Exercise =
Once the pictures are set aside, transcribe the remaining data exactly.

Provided data =
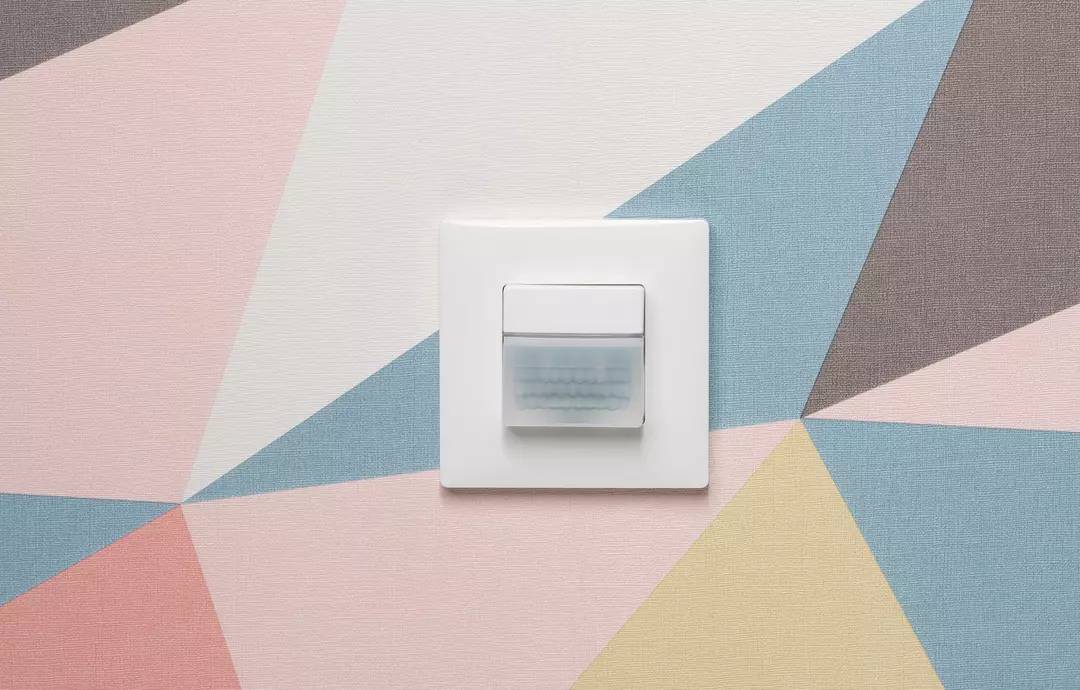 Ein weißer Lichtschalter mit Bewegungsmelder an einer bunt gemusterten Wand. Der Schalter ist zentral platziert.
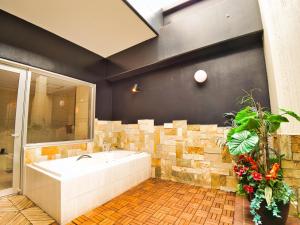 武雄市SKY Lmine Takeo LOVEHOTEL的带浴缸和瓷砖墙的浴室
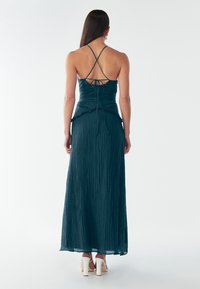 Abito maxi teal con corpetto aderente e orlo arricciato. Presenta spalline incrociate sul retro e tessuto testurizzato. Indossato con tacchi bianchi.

Exercise output =
 Ein weißer Lichtschalter mit Bewegungsmelder an einer bunt gemusterten Wand. Der Schalter ist zentral platziert.
 武雄市SKY Lmine Takeo LOVEHOTEL的带浴缸和瓷砖墙的浴室
 Abito maxi teal con corpetto aderente e orlo arricciato. Presenta spalline incrociate sul retro e tessuto testurizzato. Indossato con tacchi bianchi.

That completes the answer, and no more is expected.